**What the exercise asks**
Apart from the pictures, every entry below should be repeated exactly.

Collected data

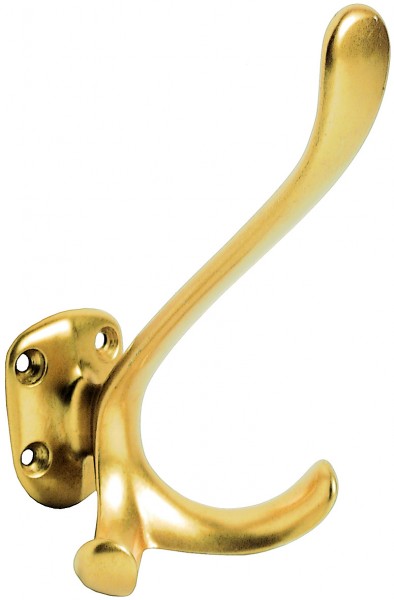 Huthaken doppelt Aluminium-Guß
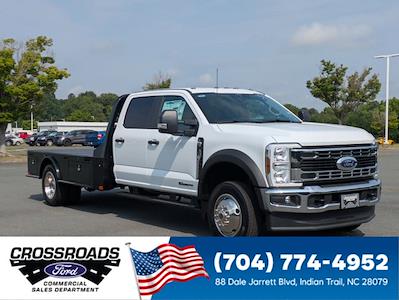 2024 Ford F-550 Crew Cab DRW 4WD Flatbed Truck for sale #T248414 - photo 1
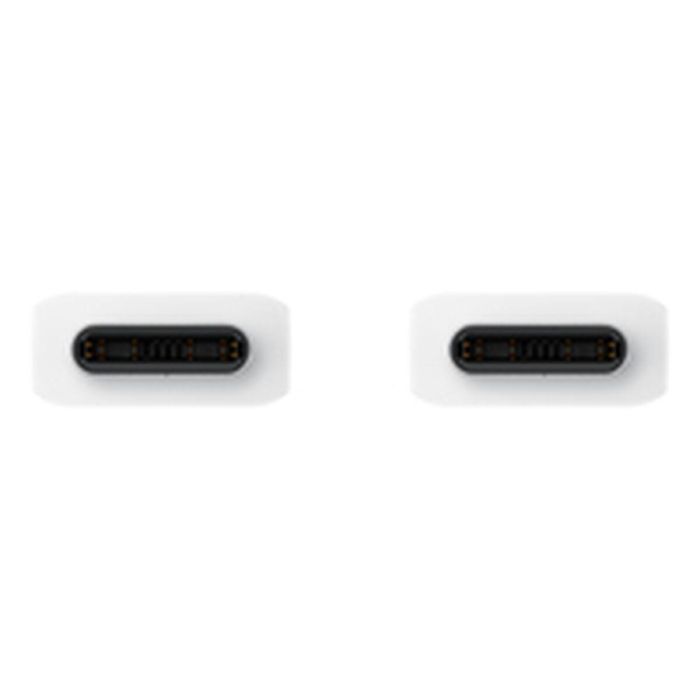 Samsung Cable USB-C a USB-C 3A 1.8M Blanco EP-DX310JWEGEU 10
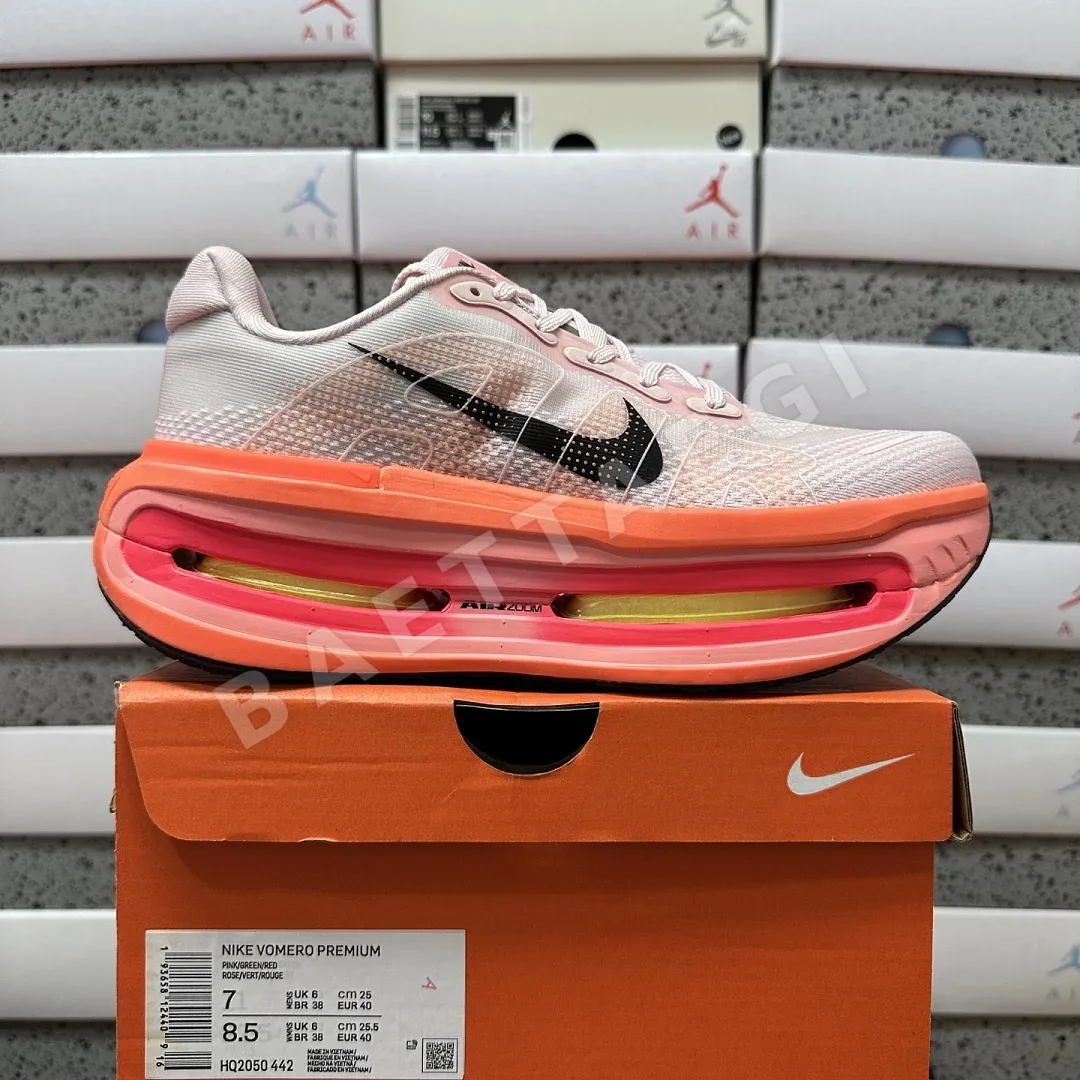 나이키 [5A] 보메로 프리미엄 핑크 오렌지 HQ2050-442 201625 Nike Vomero Premium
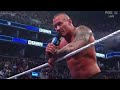 Randy Orton to Paul Heyman 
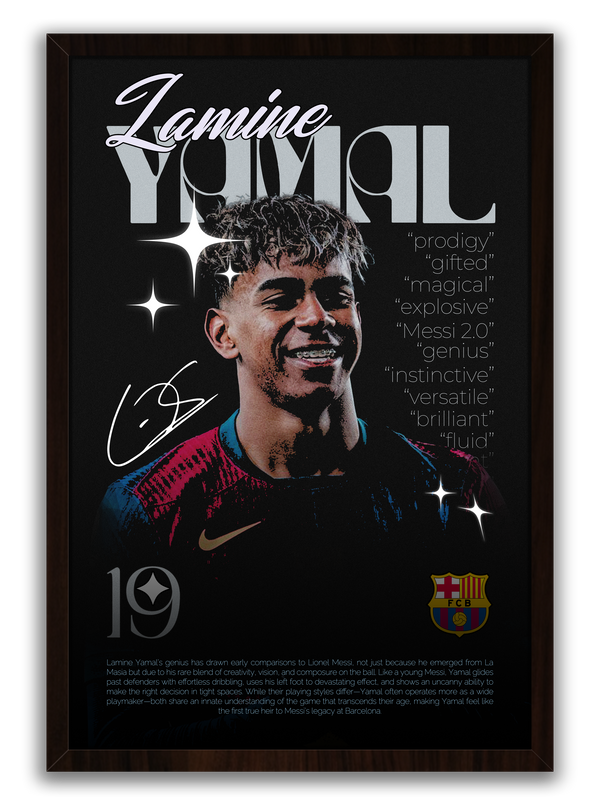 Lamine Yamal Prodigy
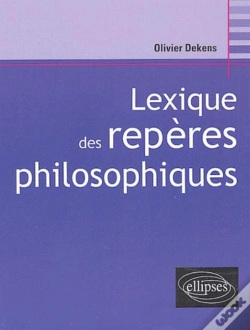 Capa do artigo Lexique Des Reperes Philosophiques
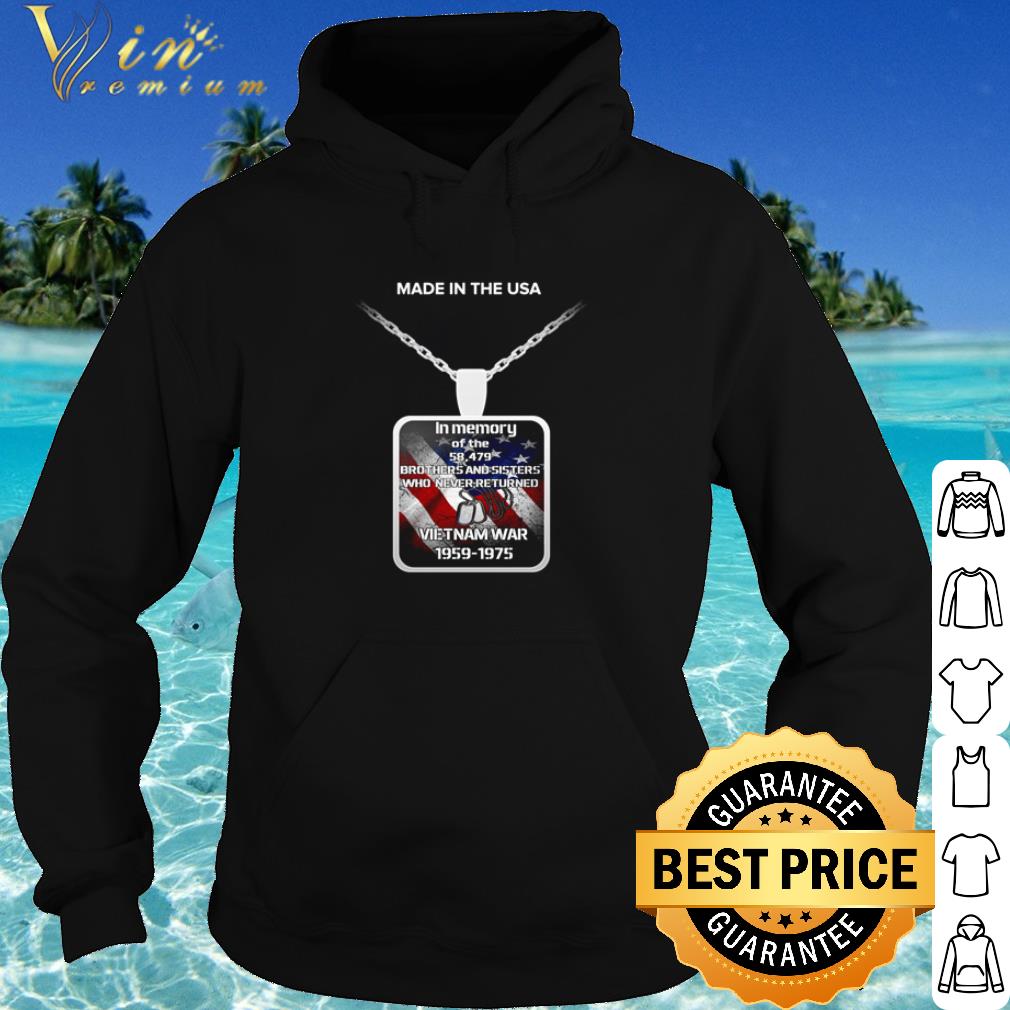 213d6ded best made in the usa in memory of the 58479 brother and sister shirt 4 - Best Made In The Usa In Memory Of The 58479 Brother And Sister shirt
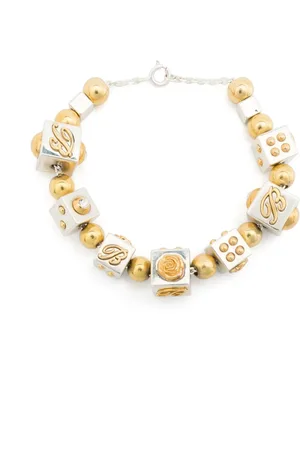 BLUMARINE Pulsera con cuentas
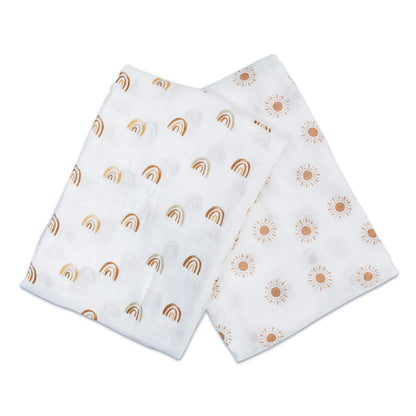 2pk Muslin Swaddle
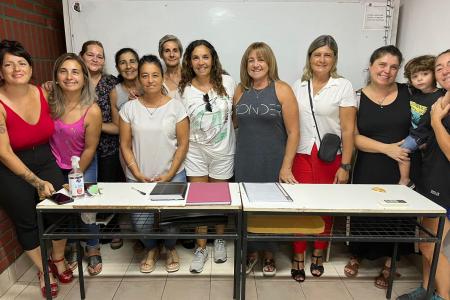 Asumieron nuevas autoridades en la Agrupación Mamis Hockey del Paraná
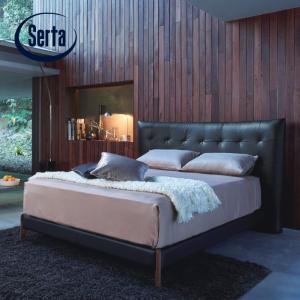 Serta（サータ） ベッドフレーム ニューヨーク550 Q2（クイーン2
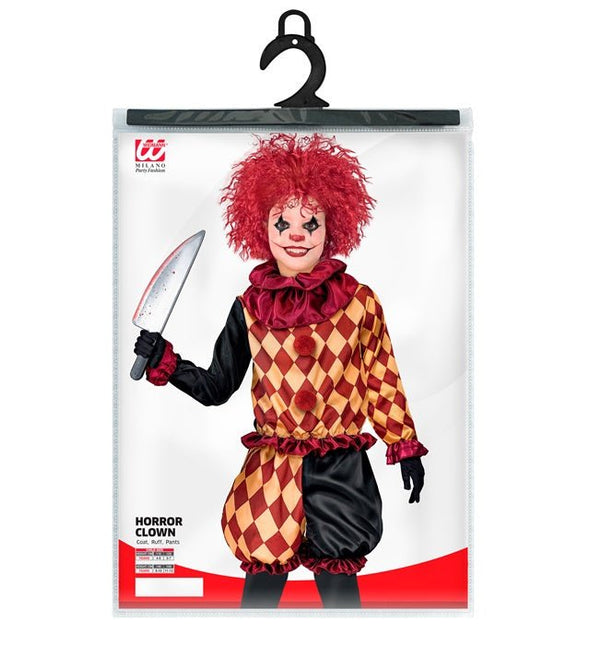 Clown Kostuum Kind 3 delig van Widmann koop je bij Partywinkel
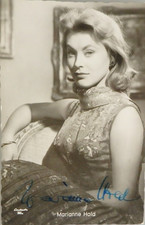Autogramm deutsche TV- und Film Schauspielerin Marianne Hold (143410)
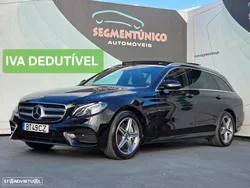 Mercedes-Benz E 300 de AMG Line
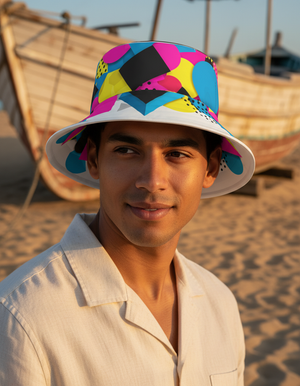 Zigzag Bucket Hat Bucket Hat — Dripper
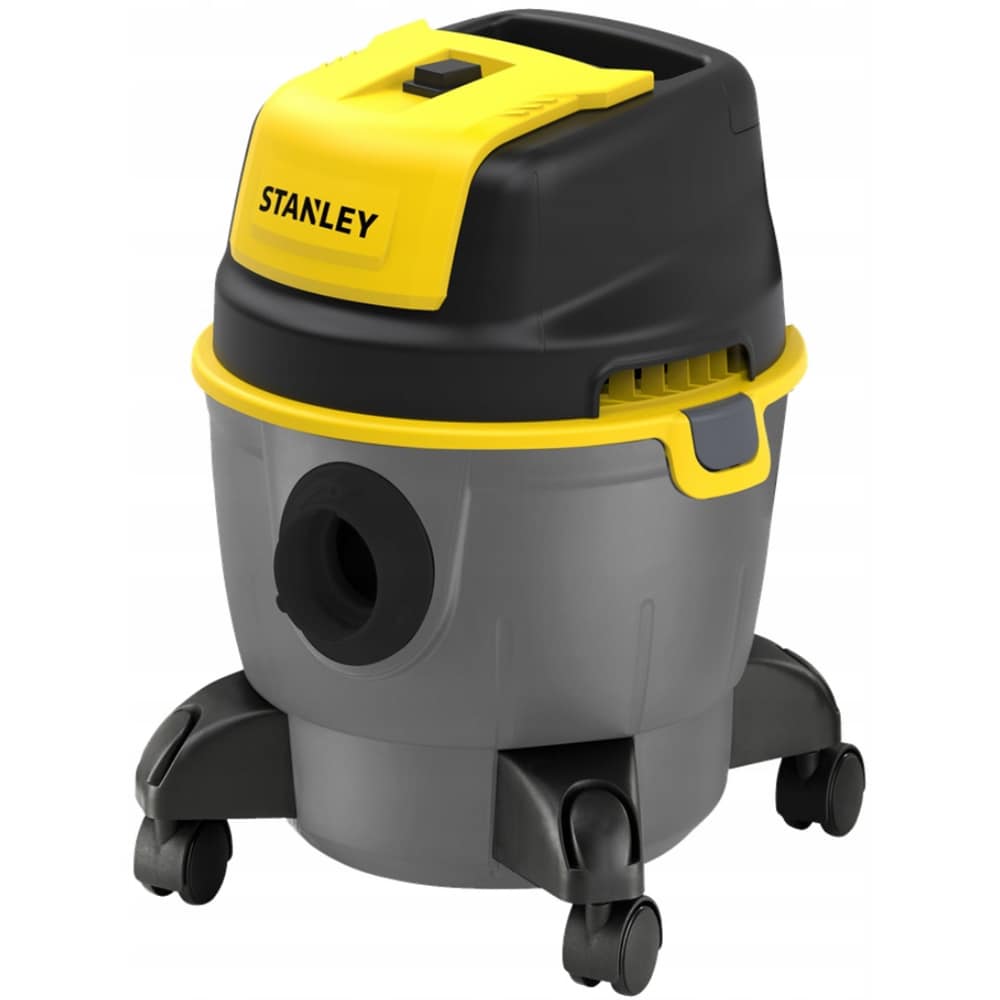 Aspirator umed-uscat Stanley SXVC15PE, 15l, 1000W, negru-galben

**Response to the task**
 Huthaken doppelt Aluminium-Guß
 2024 Ford F-550 Crew Cab DRW 4WD Flatbed Truck for sale #T248414 - photo 1
 Samsung Cable USB-C a USB-C 3A 1.8M Blanco EP-DX310JWEGEU 10
 나이키 [5A] 보메로 프리미엄 핑크 오렌지 HQ2050-442 201625 Nike Vomero Premium
 Randy Orton to Paul Heyman 
 Lamine Yamal Prodigy
 Capa do artigo Lexique Des Reperes Philosophiques
 213d6ded best made in the usa in memory of the 58479 brother and sister shirt 4 - Best Made In The Usa In Memory Of The 58479 Brother And Sister shirt
 BLUMARINE Pulsera con cuentas
 2pk Muslin Swaddle
 Asumieron nuevas autoridades en la Agrupación Mamis Hockey del Paraná
 Serta（サータ） ベッドフレーム ニューヨーク550 Q2（クイーン2
 Clown Kostuum Kind 3 delig van Widmann koop je bij Partywinkel
Autogramm deutsche TV- und Film Schauspielerin Marianne Hold (143410)
 Mercedes-Benz E 300 de AMG Line
 Zigzag Bucket Hat Bucket Hat — Dripper
 Aspirator umed-uscat Stanley SXVC15PE, 15l, 1000W, negru-galben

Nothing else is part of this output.